- Genre: Game show
- Created by: Dick de Rijk
- Directed by: R. Brian DiPirro
- Presented by: Jimmy Kimmel
- Country of origin: United States
- Original language: English
- No. of seasons: 1
- No. of episodes: 7

Production
- Executive producer: Scott St. John
- Production company: Endemol USA

Original release
- Network: ABC
- Release: July 20 – August 31, 2007

Related
- For the Rest of Your Life (UK version)

= Set for Life =

Set for Life is an American game show hosted by Jimmy Kimmel and is based on the British game show For the Rest of Your Life. It premiered on Friday, July 20, 2007, at 8:00 p.m. Eastern (7:00 p.m. Central) on ABC, and ran until August 31, 2007, in that time slot.

==Game play==
Before the game starts, an unaired "Qualifying Round" is played to determine the amount of the monthly payments for which the contestant will be playing (the highest value earned was $4,625/month, the maximum possible value in that case was $2,220,000). In an interview, Jimmy Kimmel said that this round contains twelve numbers and involves "open[ing] an envelope" to see how much per month the contestant will be playing to win.

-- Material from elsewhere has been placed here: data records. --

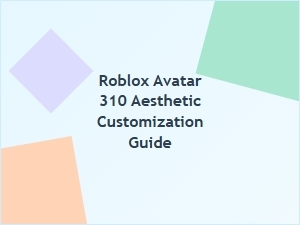 Roblox Avatar 310 Aesthetic Customization Guide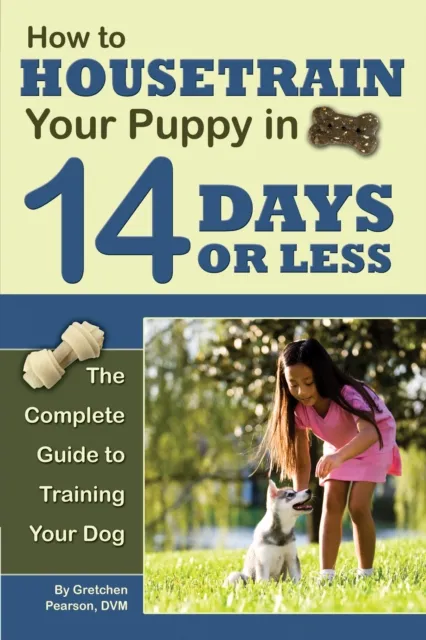 How to Housetrain Your Puppy in 14 Days or Less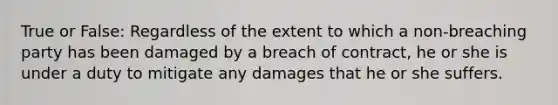 True or False: Regardless of the extent to which a non-breaching party has been damaged by a breach of contract, he or she is under a duty to mitigate any damages that he or she suffers.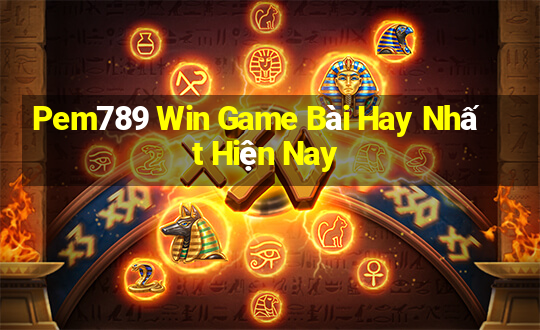 Pem789 Win Game Bài Hay Nhất Hiện Nay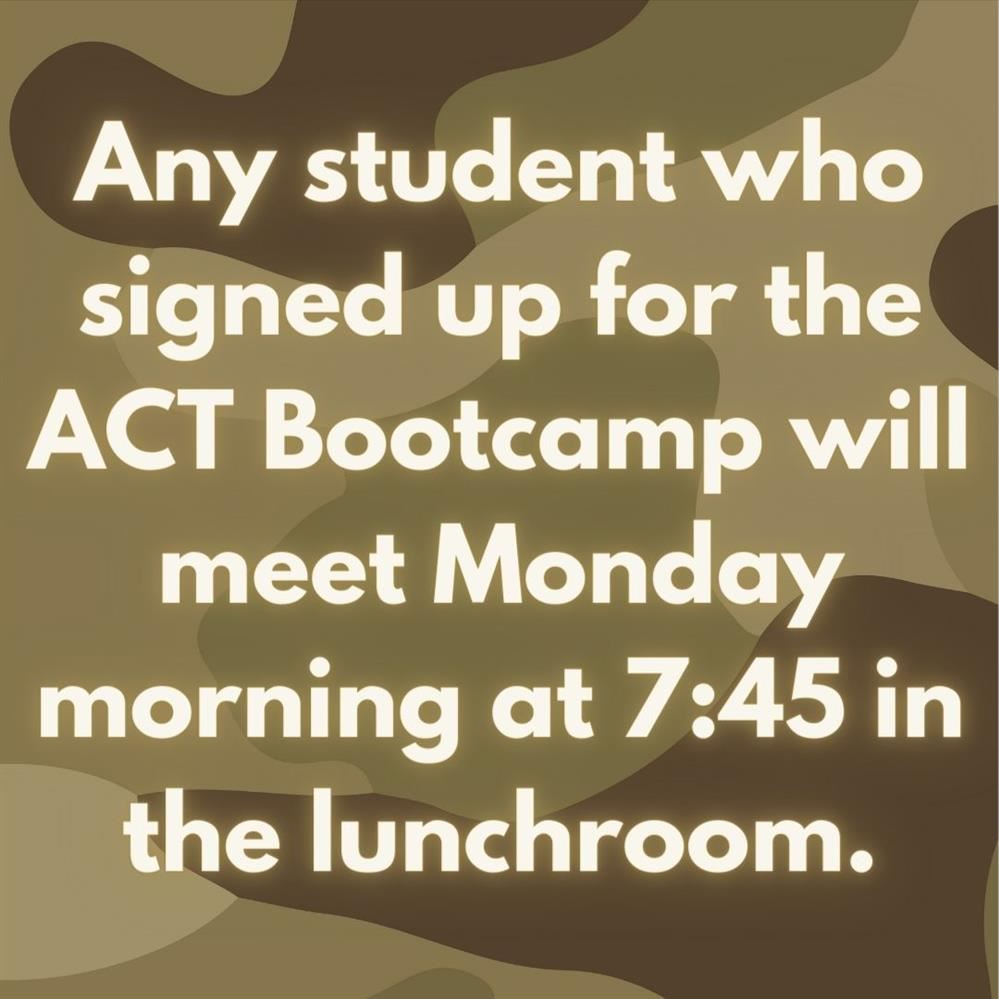  ACT Bootcamp Info March 13-17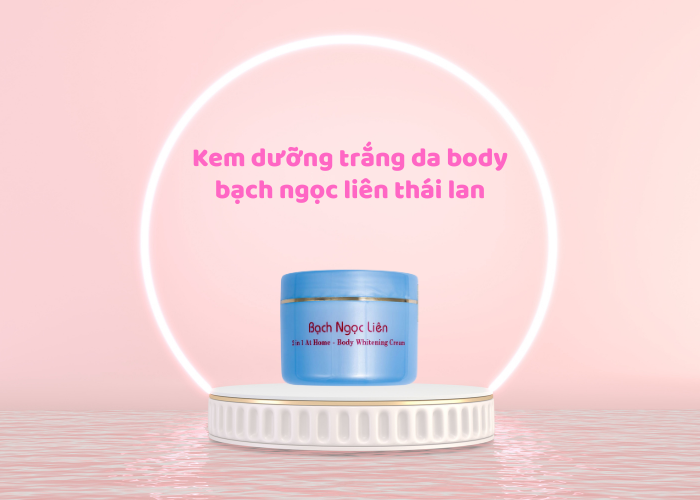 Kem dưỡng trắng da body bạch ngọc liên thái lan 2in1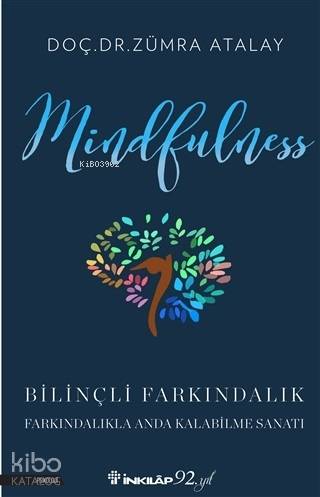 Mindfulness Bilinçli Farkındalık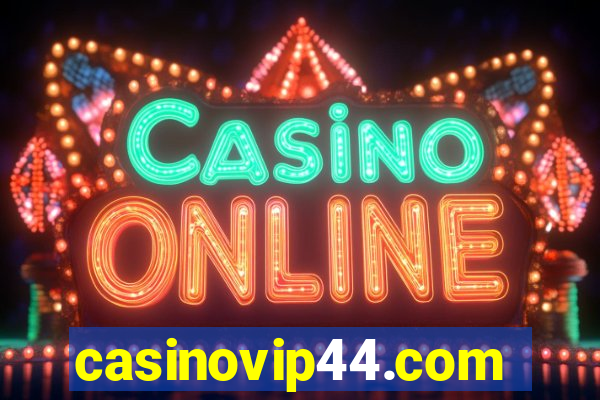 casinovip44.com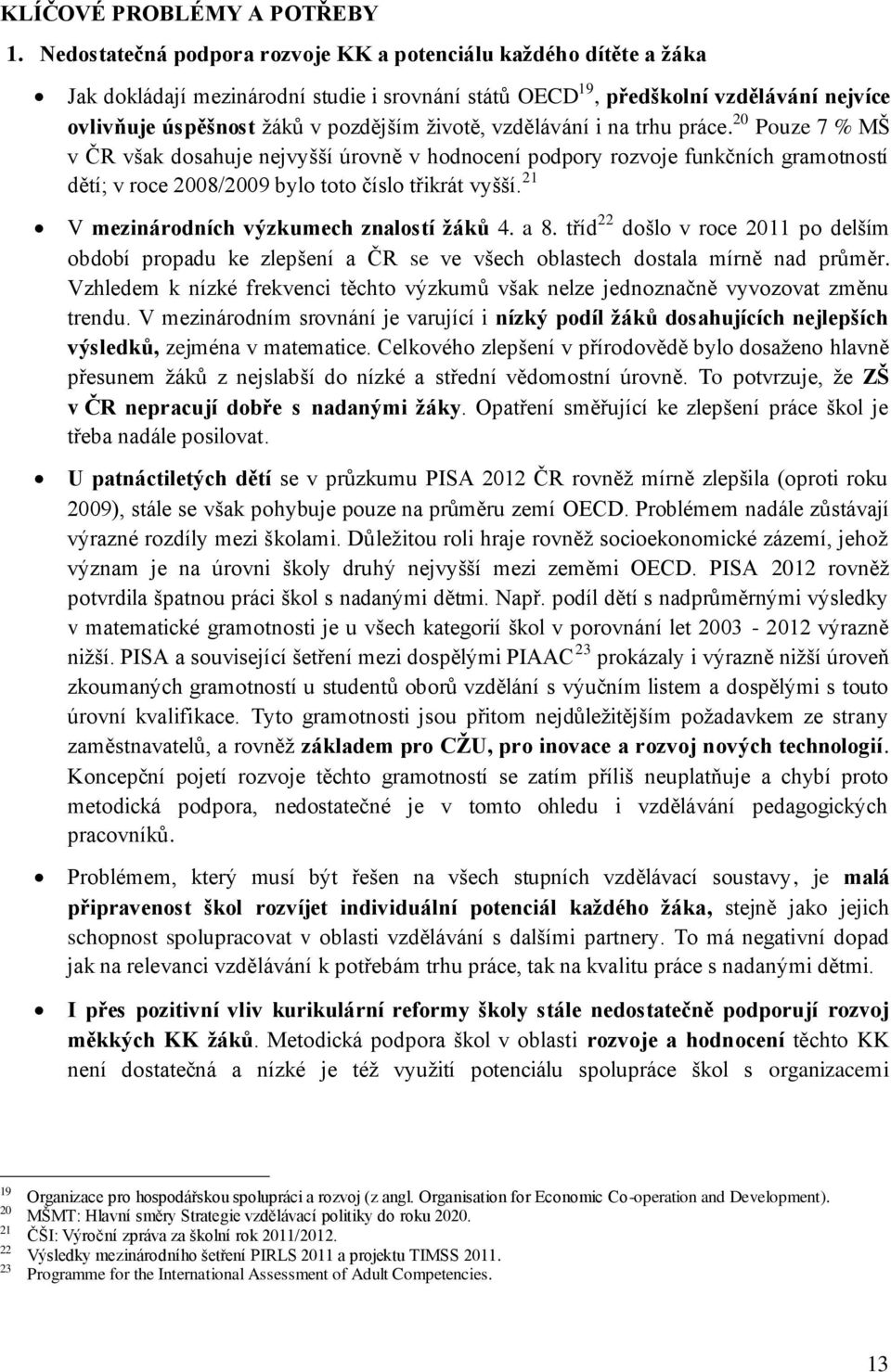 životě, vzdělávání i na trhu práce. 20 Pouze 7 % MŠ v ČR však dosahuje nejvyšší úrovně v hodnocení podpory rozvoje funkčních gramotností dětí; v roce 2008/2009 bylo toto číslo třikrát vyšší.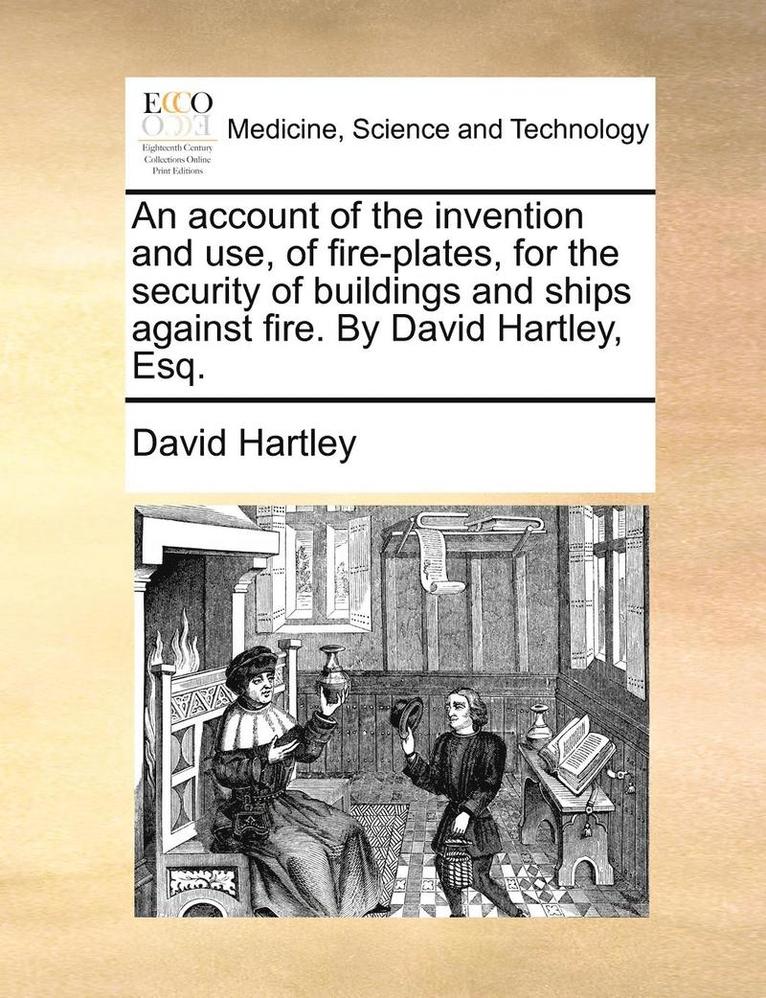 An Account of the Invention and Use, of Fire-Plates, for the Security of Buildings and Ships Against Fire. by David Hartley, Esq. 1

The televised portion of the game determines how many of these monthly payments the contestant will ultimately receive. The number of payments awarded is based on the contestant's final position on the "time ladder." The contestant begins below the bottom of the ladder with zero payments:

| Level | Number of Monthly Payments |
|---|---|
| SET FOR LIFE (40 years) | 480 |
| 25 years | 300 |
| 20 years | 240 |
| 15 years | 180 |
| 10 years | 120 |
| 5 years | 60 |
| 3 years | 36 |
| 2 years | 24 |
| 1 year | 12 |
| 6 months | 6 |
| 1 month | 1 |

Fifteen "light sticks," four red and 11 white, are concealed inside stands on the show's stage. The contestant chooses one stick at a time and pulls it from its stand to reveal its color. If the stick is white, the contestant moves up one step on the time ladder. If the stick is red, the contestant moves down one step unless they are not on it, in which case their position remains unchanged.

Each time a white stick is drawn, the contestant is given the option of ending the game and leaving with the number of payments they have earned to that point. Drawing a red stick forces the contestant to take another turn; if all four are drawn, the game ends immediately and the contestant forfeits all winnings. If all 11 white sticks are drawn, the game ends and they win the payments corresponding to their final position on the time ladder. In order to reach the top step ("Set for Life"), the contestant must draw all 11 white sticks consecutively, preceded by drawing no more than three red ones.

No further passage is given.